Here’s a lousy idea — decriminalizing domestic violence, as Topeka, Kansas authorities are considering.
For the past few weeks, New York has been watching the trial of a Barbara Sheehan, a policeman’s wife, who shot her husband after years of abuse.
I wish we’d re-name domestic violence for what it really is — intimate terrorism. The victims who survive it suffer hidden, constant, terrifying abuse few of us could possibly imagine, let alone overcome.

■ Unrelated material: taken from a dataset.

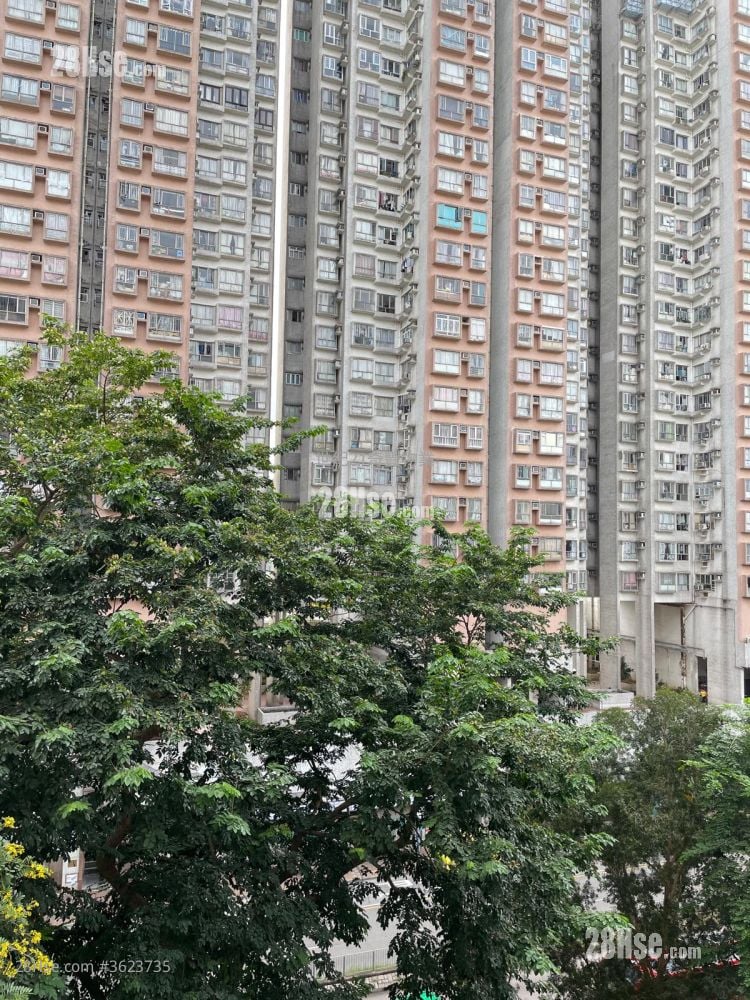 Cheung Wah Estate Sell Studio , 1 Bathroom 283 ft²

Her lawyer is Michael Dowd, known nationally in the U.S. as the go-to guy for these horrific cases. From a recent profile of him in The New York Times:
For the last 30 years, Mr. Dowd has defended battered women who have killed their husbands, sometimes with a carving knife, a semi-automatic handgun or a machete. He has done so many of these cases that he has been called the “black widow lawyer” by some of his peers.

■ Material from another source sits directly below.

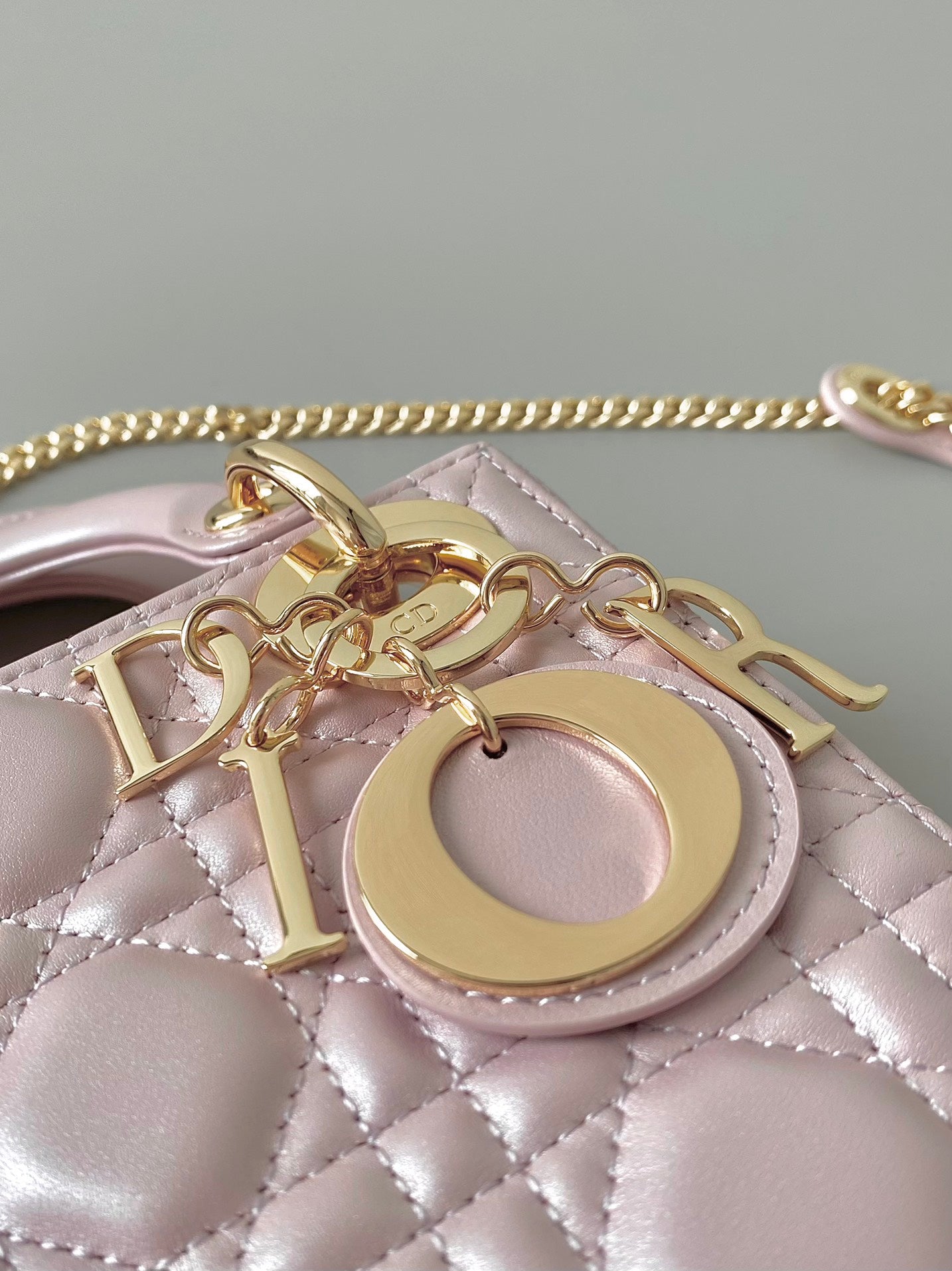 DIOR women's bags 24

“It is very emotionally difficult to take such cases; they really get to me,” said Mr. Dowd, 69, who addresses the court in an avuncular, booming voice that seems calculated to disarm jurors. “This may be my last one.”

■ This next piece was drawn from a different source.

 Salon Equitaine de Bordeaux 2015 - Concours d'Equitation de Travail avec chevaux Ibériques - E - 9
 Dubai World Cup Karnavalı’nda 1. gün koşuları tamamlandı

For Mr. Dowd, his seminal battered-woman case occurred in 1987, when he marshaled a self-defense argument to secure an acquittal for Karen Straw, a Queens woman who stabbed her husband to death after he had raped her at knife point in front of her two children. Ms. Straw had sought a protection order, and the case drew national attention to the moral conundrum of abused women who kill their aggressors.
Mr. Dowd, the father of three daughters, has since defended nearly two dozen women who have killed their husbands; only one served prison time, and the rest were either exonerated or received lesser sentences. His main legal weapon has been the so-called battered-woman defense, in which the abused woman who has killed her spouse recounts the horrors of her abuse in graphic detail to prove to the jury that she reasonably feared for her life.
I interviewed Dowd for my book about women and guns, “Blown Away”, which included the toxic effects of gun violence on women’s lives (in addition to the legal pleasures of gun use for women.) These women, he told me in 2003, are more like soldiers in combat — facing constant threats to their life — than wives.
I came away better understanding when and why some women finally choose to kill their abusers, usually someone who has been tormenting them, physically and psychologically — and threatening her family, friends, children and pets with violence or annihilation — for years, if not decades. This was the case for Sheehan, as well.
I spoke to several of these women for my book. While in a bathroom in a Texas library, one woman told me her tale, of the husband who kept a loaded shotgun beneath his side of the bed and of her own father who refused to give her shelter or financial help to allow her to flee.
Or the woman who, trying to flee her abusive Midwestern husband, parked her car in a friend’s garage to hide her location, but he hunted her and found her. She shot him at point-blank range. She did not go to prison.
Why don’t these women “just leave”?
Because when they do, their enraged male partners hunt them down and kill them.
Sheehan, after a deadlocked jury kept deliberating, was acquitted this week.